Eine wohlverdiente Klatsche für die Bundesregierung vom Bundesverfassungsgericht
Im Artikel 20a des Grundgesetzes wird festgelegt, dass „…auch in Verantwortung für die künftigen Generationen die natürlichen Lebensgrundlagen…“ geschützt werden müssen. Das Bundesverfassungsgericht hat der Bundesregierung nun attestiert, dass sie dieser Verpflichtung mit dem Klimaschutzgesetz nicht ausreichend nachkommt. Das ist ein Riesenerfolg! Ein Erfolg den die Zivilgesellschaft errungen hat, denn die ursprünglich vom Solarförderverein initiierte Klage wurde von vielen großen Umweltverbänden gemeinsam gestützt. Aus solchen Gründen empfehlen wir bei climactivity jedem und jeder Mitglied bei einem der Verbände zu werden, die sich für Klimaschutz einsetzen.

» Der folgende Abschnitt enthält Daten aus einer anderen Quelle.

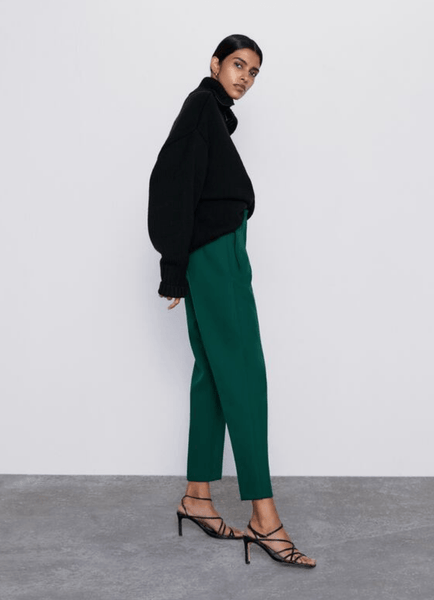 HIGH-RISE FLARED TROUSERS - Oyster White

Die Richter:innen stützen sich bei ihrem Urteil auf das Konzept des Sachverständigenrats für Umweltfragen (SRU) eines CO2-Budgets für Deutschland, das auf der Basis einer Gleichverteilung des globalen Restbudgets auf alle Menschen dieser Erde ermittelt wird. Dieses Konzept ist, wie der SRU selber sagt, noch großzügig für Deutschland, weil es weder die historischen Emissionen berücksichtigt und die globalen Emissionen zugrundelegt, die nur die Einhaltung einer 1,75-Grad-Grenze mit einer Wahrscheinlichkeit von 67 % erlauben. Trotzdem ging die Festlegung auf ein solches Budget sogar dem Umweltministerium schon zu weit; in alle anderen Teilen der Regierung war die Ablehnung noch viel deutlicher. Die Regierung wollte sich einfach gar nicht festlegen, an welchem Budget sie sich orientiert. Ab jetzt muss jed:e Politiker:in diesen Maßstab verwenden oder eine gute Begründung abgeben, warum er/sie etwas anderes verwenden möchte als das Konzept, welches das Bundesverfassungsgericht herangezogen hat.

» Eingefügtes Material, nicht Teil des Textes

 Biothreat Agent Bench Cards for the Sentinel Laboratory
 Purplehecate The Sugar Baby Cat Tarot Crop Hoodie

Die Richter:innen rügen, dass durch die Ausgestaltung des Klimaschutzgesetzes eine Ungleichverteilung der Lasten erfolgt, die zu Ungunsten derjenigen ausfällt, die nach 2030 mit drastischen Maßnahmen werden leben müssen. Das ist sehr begrüßenswert. Was allerdings nicht wirklich überzeugend ist: Das Urteil verpflichtet die Bundesregierung nur dazu, für die Zeit nach 2030 früher als geplant (bis 2022 statt erst 2025) konkrete Reduktionsziele festzulegen (s. z.B. hier). So soll der notwendige Umbau rechtzeitig geplant und von den Betroffenen vorausschauend berücksichtigt werden können. Da aber bei Beibehaltung des wenig ambitionierten Klimaziels für 2030 fast das ganze Budget bis dahin schon aufgebraucht sein würde, bedeutet das nur, dass wir jetzt schon wissen, dass die Verteilung der Lasten zwischen dem aktuellen und dem nächsten Jahrzehnt sehr ungerecht sein wird. Eine generationengerechte Klimapolitik erfordert zwingend eine drastische Anpassung des Klimaziels für 2030. Die Zeit, auf ein neues Urteil zu einem neuen Klimaziel zu warten, haben wir nicht; dann ist ein weiteres halbes Jahrzehnt vergangen. Es ist und bleibt also sehr wichtig, dass wir Druck von der Straße her ausüben, Leute an die Hebel der Macht wählen, die wenn möglich nicht erst gerichtlich zu Klimaschutz gezwungen werden müssen, und viele Menschen davon überzeugen es uns gleich zu tun.